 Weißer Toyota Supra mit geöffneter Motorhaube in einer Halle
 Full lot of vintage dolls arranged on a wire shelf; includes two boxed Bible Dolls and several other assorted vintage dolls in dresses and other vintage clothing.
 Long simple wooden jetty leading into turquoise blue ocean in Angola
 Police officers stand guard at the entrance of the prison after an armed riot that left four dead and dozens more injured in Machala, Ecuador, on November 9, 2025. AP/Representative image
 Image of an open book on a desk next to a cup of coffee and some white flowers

--

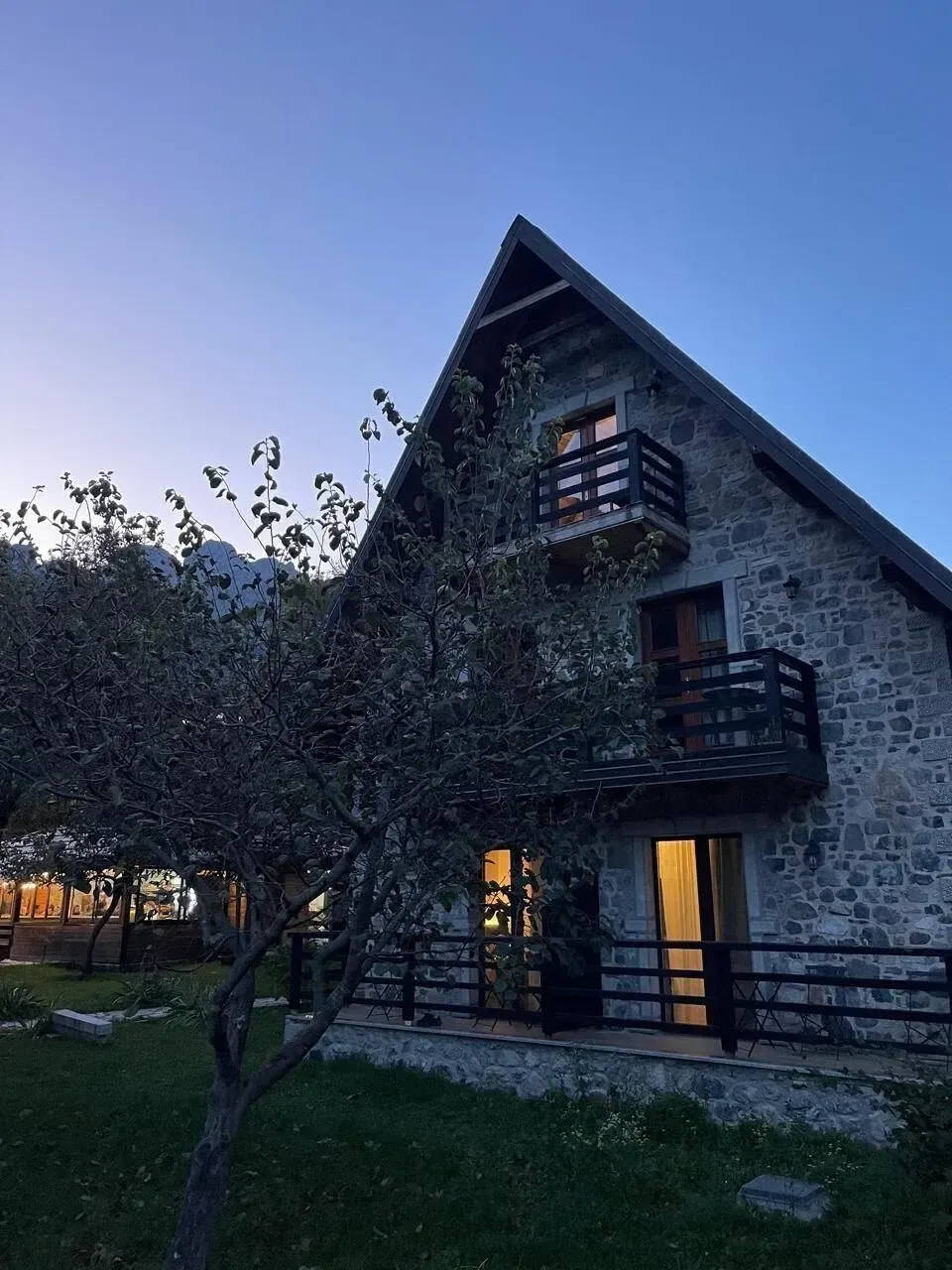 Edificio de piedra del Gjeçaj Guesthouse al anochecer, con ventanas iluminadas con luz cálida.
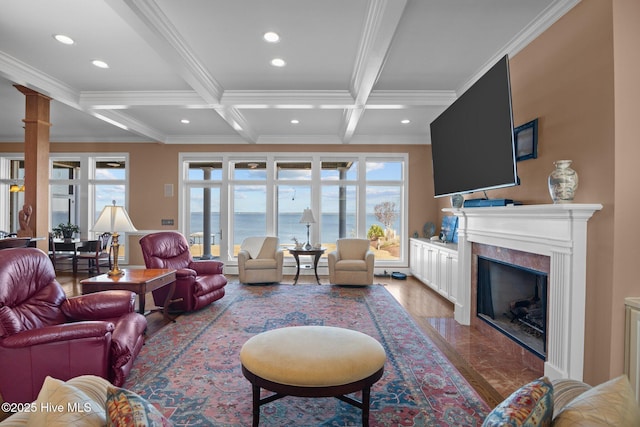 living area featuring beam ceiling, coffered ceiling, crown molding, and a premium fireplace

---

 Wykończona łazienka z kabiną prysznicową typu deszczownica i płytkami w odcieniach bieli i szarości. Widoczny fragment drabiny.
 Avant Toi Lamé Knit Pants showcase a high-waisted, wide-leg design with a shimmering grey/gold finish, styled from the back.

Task item — Would you please copy exactly the part of the entries above that begins at the line containing "Weißer Toyota Supra" and ends at the line containing "Image of an", both lines included?

Exercise answer —
 Weißer Toyota Supra mit geöffneter Motorhaube in einer Halle
 Full lot of vintage dolls arranged on a wire shelf; includes two boxed Bible Dolls and several other assorted vintage dolls in dresses and other vintage clothing.
 Long simple wooden jetty leading into turquoise blue ocean in Angola
 Police officers stand guard at the entrance of the prison after an armed riot that left four dead and dozens more injured in Machala, Ecuador, on November 9, 2025. AP/Representative image
 Image of an open book on a desk next to a cup of coffee and some white flowers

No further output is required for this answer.